Only the lines from the one containing "Mosasaur Tooth Box" through the end of the entries should be returned, exactly as they are, with the pictures omitted.

═══ MATERIAL FOR THIS TASK ═══

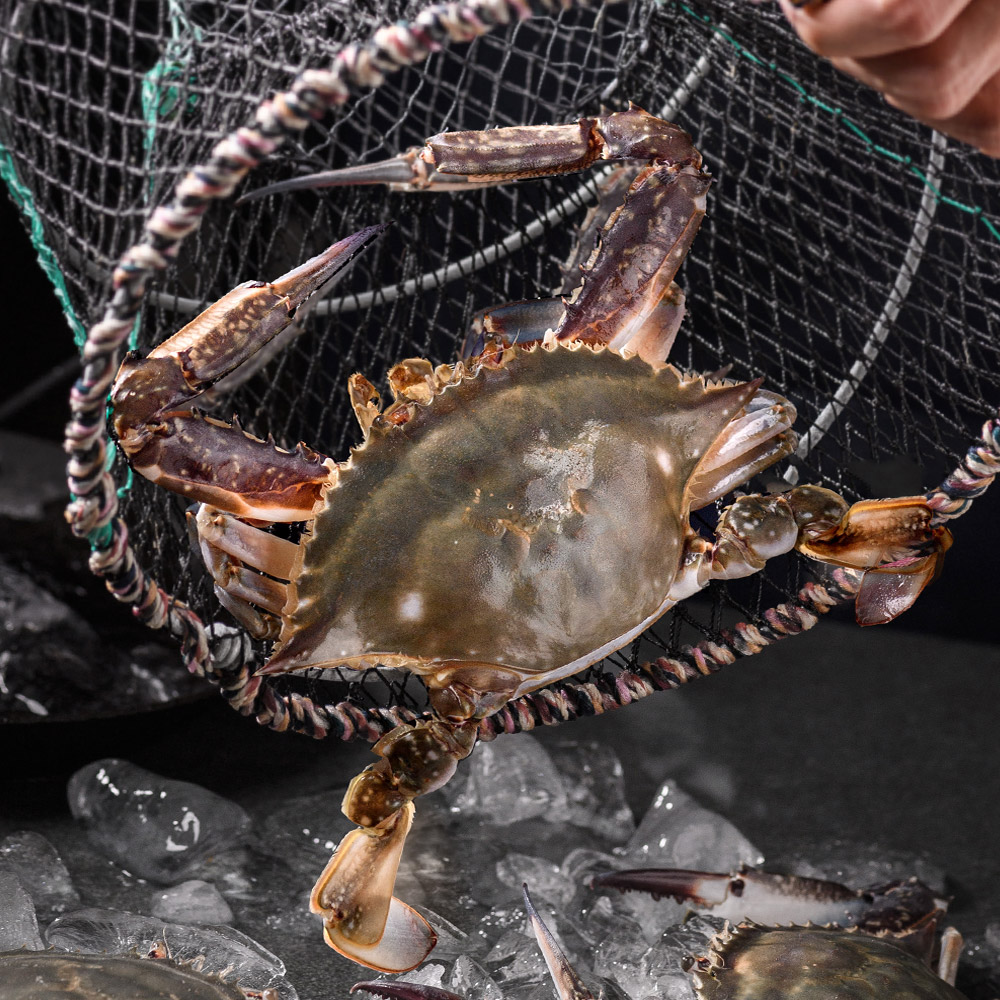 제철 꽃게 1kg 가을 봄 산지직송 숫꽃게 암꽃게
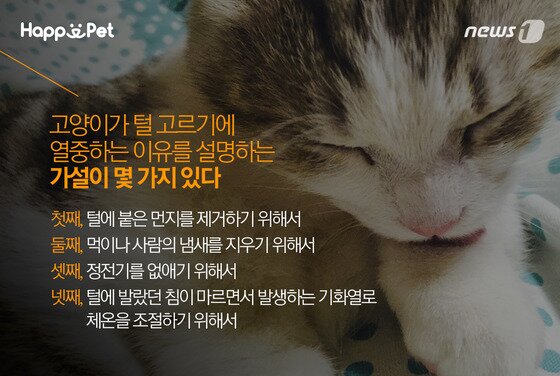 본문 이미지 - ⓒ News1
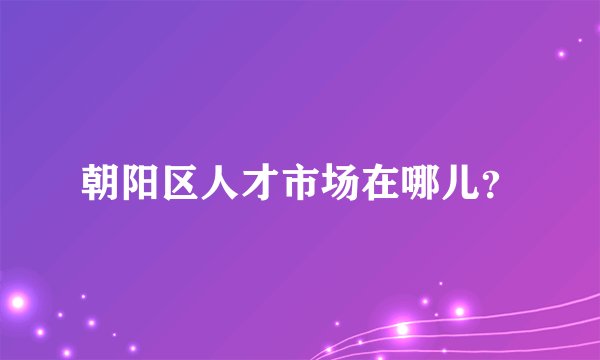 朝阳区人才市场在哪儿？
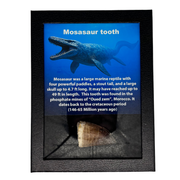 Mosasaur Tooth Box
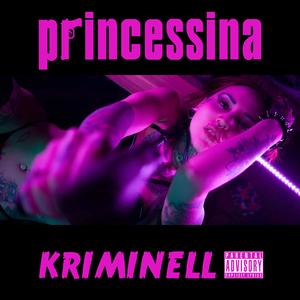 Kriminell (feat. Mae$trO)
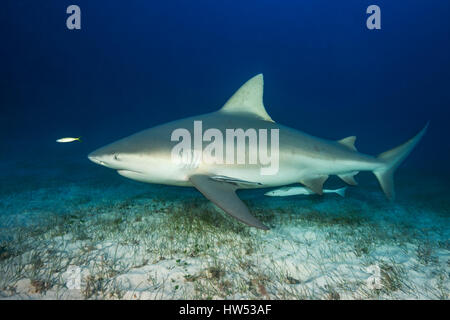 Squalo toro, carcharhinus leucas, BIMINI, BAHAMAS Foto Stock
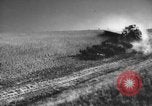 Standbild Weizen ernten Walla Walla Washington USA, 1937, aus Sekunde 12 historischem Filmmaterial Videoclip 65675069866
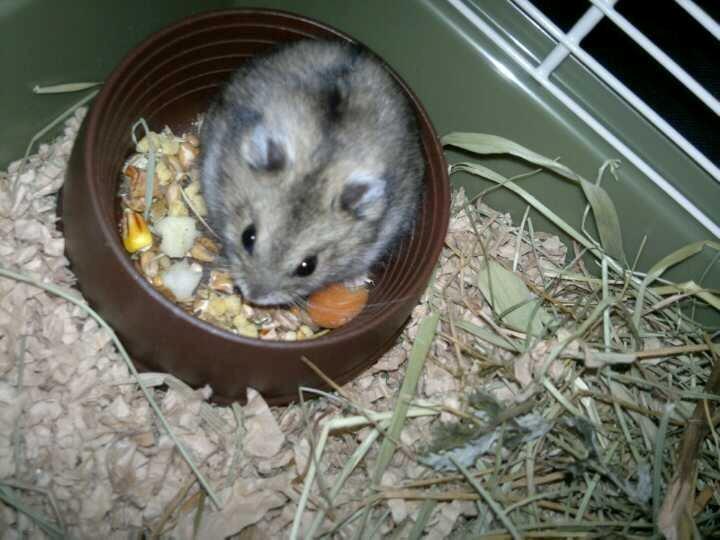 Dværghamster Pac<3 Sov sødt. billede 6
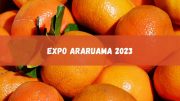 Expo Araruama 2023 começa nesta quinta, 2. Veja as atrações (imagem: Canva)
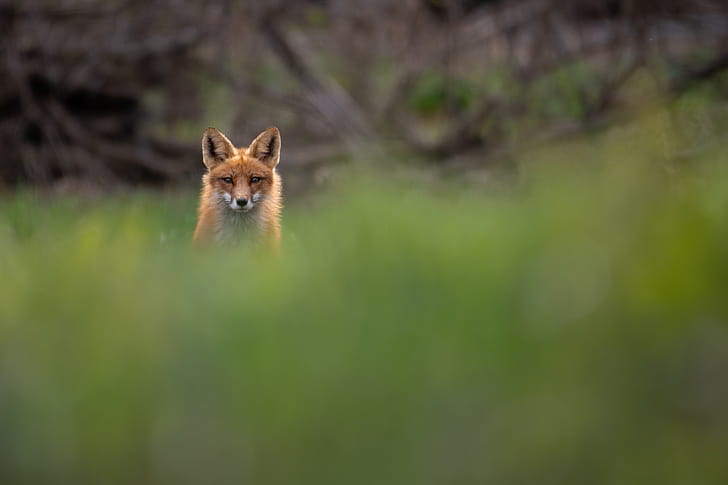 red fox, Animal, fox wallpaper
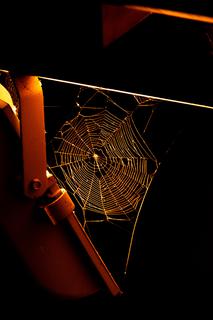 A spider web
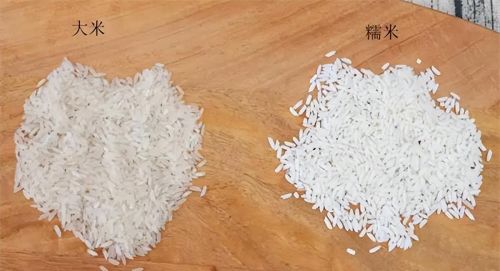 糯米的营养这么高，把它作为每顿的主食代替米饭，会有什么后果？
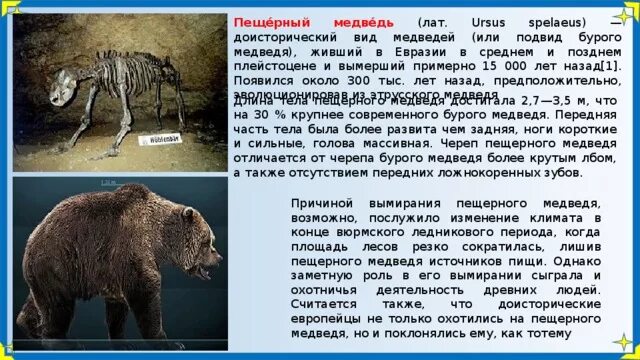 На рисунке изображен медведь. На рисунке изображен медведь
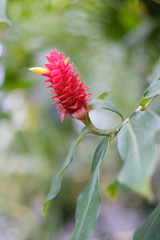 Pineal flower of a tropical plant in a botanical garden.
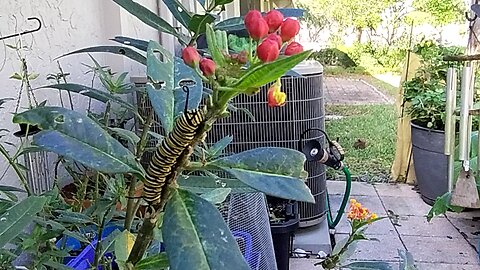 monarch butterfly in December in Florida monarchs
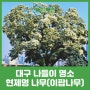 대구 나들이 200여 년 보호수 현제명 나무(이팝나무)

═══

RESPONSE BOX:
 Mosasaur Tooth Box
 Kriminell (feat. Mae$trO)
 Squalo toro, carcharhinus leucas, BIMINI, BAHAMAS Foto Stock
 Standbild Weizen ernten Walla Walla Washington USA, 1937, aus Sekunde 12 historischem Filmmaterial Videoclip 65675069866
 Dværghamster Pac<3 Sov sødt. billede 6
 Expo Araruama 2023 começa nesta quinta, 2. Veja as atrações (imagem: Canva)
 red fox, Animal, fox wallpaper
 A spider web
 糯米的营养这么高，把它作为每顿的主食代替米饭，会有什么后果？
 На рисунке изображен медведь. На рисунке изображен медведь
 Pineal flower of a tropical plant in a botanical garden.
 monarch butterfly in December in Florida monarchs
 대구 나들이 200여 년 보호수 현제명 나무(이팝나무)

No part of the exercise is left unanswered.